YOUR INSTRUCTIONS: Repeat exactly the lines below from the line that contains "Used 2014 Volkswagen" to the last line, inclusive, without the pictures.

PROVIDED MATERIAL:
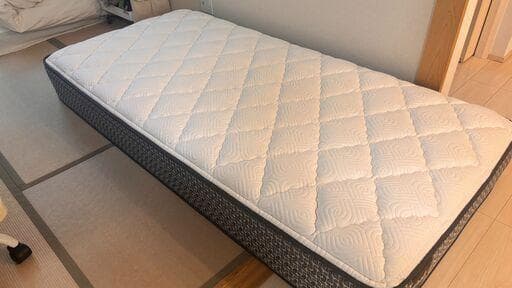 Sealy シーリーマットレス　シングルサイズ　エッセンシャル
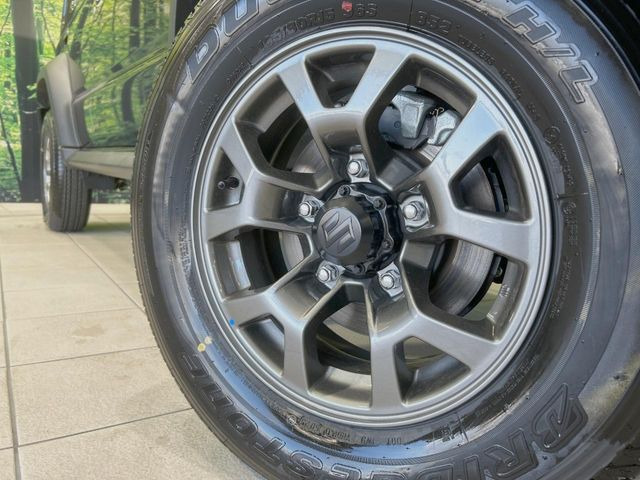 �y����15�C���`�A���~�z�C�[���z�O�ςɃ}�b�`���������A���~�z�C�[���𑕒����Ă���܂��B�e��ЊO�A���~�z�C�[����A�X�^�b�h���X�^�C�����戵�����Ă���܂��B���񂲑��k����������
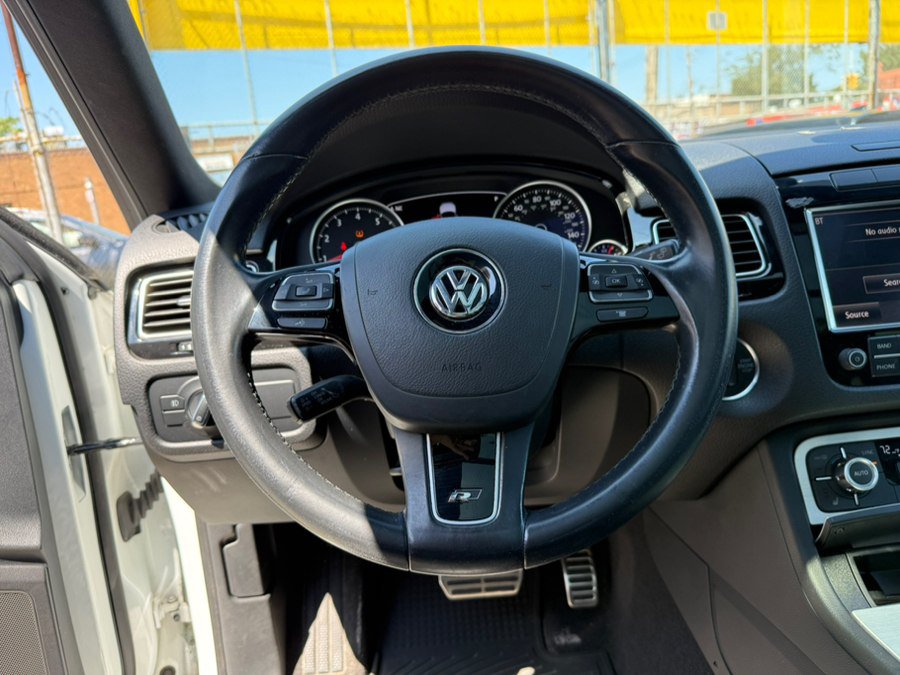 Used 2014 Volkswagen Touareg VR6 AWD/4WD image 14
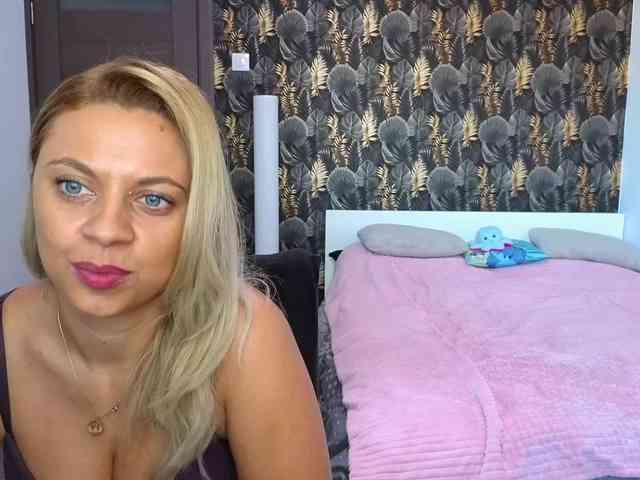 CarlaStaceeFun webcam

PROBLEM SOLUTION:
 Used 2014 Volkswagen Touareg VR6 AWD/4WD image 14
 CarlaStaceeFun webcam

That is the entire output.